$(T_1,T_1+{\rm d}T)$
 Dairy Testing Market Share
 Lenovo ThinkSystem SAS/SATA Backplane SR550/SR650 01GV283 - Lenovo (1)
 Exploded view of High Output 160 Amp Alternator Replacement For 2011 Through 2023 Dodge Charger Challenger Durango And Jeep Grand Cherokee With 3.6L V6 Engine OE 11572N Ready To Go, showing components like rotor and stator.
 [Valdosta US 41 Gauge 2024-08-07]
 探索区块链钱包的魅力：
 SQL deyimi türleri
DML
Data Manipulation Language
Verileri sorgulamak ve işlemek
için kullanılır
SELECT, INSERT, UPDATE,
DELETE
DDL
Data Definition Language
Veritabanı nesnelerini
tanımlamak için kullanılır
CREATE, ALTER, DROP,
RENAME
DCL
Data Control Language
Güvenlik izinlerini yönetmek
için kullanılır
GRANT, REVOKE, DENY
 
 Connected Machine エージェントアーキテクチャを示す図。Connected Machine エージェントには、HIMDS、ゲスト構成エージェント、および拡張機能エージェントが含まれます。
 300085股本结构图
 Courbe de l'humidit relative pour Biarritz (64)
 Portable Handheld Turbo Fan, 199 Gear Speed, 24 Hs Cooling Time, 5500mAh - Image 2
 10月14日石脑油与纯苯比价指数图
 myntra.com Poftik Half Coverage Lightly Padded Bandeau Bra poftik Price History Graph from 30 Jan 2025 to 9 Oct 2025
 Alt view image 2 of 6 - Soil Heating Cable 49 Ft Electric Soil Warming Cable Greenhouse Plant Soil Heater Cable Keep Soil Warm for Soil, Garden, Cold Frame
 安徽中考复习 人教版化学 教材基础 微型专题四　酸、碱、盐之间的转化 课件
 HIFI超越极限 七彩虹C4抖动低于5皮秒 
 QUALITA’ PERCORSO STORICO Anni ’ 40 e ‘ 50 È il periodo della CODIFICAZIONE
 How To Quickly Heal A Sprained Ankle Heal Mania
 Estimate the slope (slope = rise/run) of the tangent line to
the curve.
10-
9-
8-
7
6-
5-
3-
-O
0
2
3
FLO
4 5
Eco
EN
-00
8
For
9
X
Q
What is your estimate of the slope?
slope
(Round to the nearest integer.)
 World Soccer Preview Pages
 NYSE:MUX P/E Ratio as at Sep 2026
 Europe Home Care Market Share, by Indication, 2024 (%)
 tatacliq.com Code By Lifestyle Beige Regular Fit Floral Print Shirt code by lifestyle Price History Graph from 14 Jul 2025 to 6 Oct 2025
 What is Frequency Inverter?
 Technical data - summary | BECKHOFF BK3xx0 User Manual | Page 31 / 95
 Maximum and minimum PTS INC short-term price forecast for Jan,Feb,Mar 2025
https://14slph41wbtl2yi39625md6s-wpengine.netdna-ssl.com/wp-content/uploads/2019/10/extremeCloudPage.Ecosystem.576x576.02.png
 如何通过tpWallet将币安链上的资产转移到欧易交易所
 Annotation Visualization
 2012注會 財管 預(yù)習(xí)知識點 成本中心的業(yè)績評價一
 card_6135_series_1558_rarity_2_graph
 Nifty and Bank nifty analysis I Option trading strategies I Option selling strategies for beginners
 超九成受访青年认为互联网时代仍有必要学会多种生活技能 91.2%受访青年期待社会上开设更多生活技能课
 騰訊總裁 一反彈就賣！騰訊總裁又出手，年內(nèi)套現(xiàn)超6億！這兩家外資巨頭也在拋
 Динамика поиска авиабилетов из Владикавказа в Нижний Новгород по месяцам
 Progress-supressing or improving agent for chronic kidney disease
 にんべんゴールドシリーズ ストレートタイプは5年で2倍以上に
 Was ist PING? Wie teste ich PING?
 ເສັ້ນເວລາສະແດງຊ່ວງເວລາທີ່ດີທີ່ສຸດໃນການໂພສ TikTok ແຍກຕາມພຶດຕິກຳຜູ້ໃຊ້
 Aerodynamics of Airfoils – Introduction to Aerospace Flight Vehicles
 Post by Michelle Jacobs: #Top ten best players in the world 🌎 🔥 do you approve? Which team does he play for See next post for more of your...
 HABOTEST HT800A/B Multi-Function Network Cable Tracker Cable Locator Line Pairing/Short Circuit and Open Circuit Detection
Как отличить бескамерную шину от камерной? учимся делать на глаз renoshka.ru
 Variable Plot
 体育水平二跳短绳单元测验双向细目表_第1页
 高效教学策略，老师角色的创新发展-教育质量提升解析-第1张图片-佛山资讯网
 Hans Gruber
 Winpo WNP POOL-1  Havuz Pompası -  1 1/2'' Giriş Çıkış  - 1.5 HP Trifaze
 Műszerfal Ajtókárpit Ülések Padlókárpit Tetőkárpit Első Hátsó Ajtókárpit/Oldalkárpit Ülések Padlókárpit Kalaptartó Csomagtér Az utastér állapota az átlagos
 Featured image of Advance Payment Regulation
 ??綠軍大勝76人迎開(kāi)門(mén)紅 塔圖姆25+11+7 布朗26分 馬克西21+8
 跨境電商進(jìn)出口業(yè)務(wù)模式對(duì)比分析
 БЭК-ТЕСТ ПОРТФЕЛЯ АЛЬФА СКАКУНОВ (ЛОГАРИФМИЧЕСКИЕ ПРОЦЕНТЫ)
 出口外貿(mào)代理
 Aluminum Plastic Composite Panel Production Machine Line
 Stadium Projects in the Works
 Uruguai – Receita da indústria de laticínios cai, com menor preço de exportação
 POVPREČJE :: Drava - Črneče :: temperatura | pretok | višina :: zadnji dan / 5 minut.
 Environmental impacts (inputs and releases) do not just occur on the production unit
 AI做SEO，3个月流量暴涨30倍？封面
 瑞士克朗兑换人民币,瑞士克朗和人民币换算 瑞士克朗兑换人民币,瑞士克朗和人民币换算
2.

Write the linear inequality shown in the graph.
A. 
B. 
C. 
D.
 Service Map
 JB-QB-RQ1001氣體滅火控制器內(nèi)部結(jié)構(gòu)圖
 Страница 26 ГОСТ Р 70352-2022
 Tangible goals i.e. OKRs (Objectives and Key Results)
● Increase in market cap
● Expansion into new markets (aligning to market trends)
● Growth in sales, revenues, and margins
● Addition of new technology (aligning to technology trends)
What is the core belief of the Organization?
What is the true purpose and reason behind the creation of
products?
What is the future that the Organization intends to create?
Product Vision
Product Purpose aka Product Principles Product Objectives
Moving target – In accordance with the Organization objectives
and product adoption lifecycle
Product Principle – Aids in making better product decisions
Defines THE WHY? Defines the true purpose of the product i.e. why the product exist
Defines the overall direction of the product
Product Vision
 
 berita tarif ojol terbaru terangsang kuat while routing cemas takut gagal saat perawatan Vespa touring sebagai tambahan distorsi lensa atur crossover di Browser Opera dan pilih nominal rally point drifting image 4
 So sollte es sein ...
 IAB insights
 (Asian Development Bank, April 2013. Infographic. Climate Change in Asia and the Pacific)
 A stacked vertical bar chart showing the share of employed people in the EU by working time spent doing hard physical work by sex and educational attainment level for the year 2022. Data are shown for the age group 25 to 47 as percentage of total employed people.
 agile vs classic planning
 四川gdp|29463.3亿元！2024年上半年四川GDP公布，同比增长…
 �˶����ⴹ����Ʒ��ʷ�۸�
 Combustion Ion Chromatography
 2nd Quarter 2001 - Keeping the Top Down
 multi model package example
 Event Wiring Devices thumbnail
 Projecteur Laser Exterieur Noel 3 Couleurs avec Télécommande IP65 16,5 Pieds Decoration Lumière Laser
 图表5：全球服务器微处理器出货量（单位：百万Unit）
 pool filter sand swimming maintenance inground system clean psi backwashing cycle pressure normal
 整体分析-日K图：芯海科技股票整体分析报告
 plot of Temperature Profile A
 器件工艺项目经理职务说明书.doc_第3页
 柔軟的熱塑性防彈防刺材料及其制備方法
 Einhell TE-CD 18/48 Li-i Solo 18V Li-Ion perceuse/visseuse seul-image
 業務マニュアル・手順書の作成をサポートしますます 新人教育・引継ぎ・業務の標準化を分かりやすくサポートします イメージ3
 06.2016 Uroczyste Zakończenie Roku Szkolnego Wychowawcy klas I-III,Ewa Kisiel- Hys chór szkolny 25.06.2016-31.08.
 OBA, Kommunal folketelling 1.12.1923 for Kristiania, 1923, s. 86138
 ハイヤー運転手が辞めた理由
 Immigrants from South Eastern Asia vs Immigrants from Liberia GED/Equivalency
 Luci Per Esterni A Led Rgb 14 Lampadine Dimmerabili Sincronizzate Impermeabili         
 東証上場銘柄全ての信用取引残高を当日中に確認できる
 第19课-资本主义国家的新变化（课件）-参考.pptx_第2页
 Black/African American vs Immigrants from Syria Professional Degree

○ ○ ○ ○

> _Task to complete_
Using the records given above, list every line that includes the word "slope".

> _Answer for this exercise_
 Estimate the slope (slope = rise/run) of the tangent line to
What is your estimate of the slope?
slope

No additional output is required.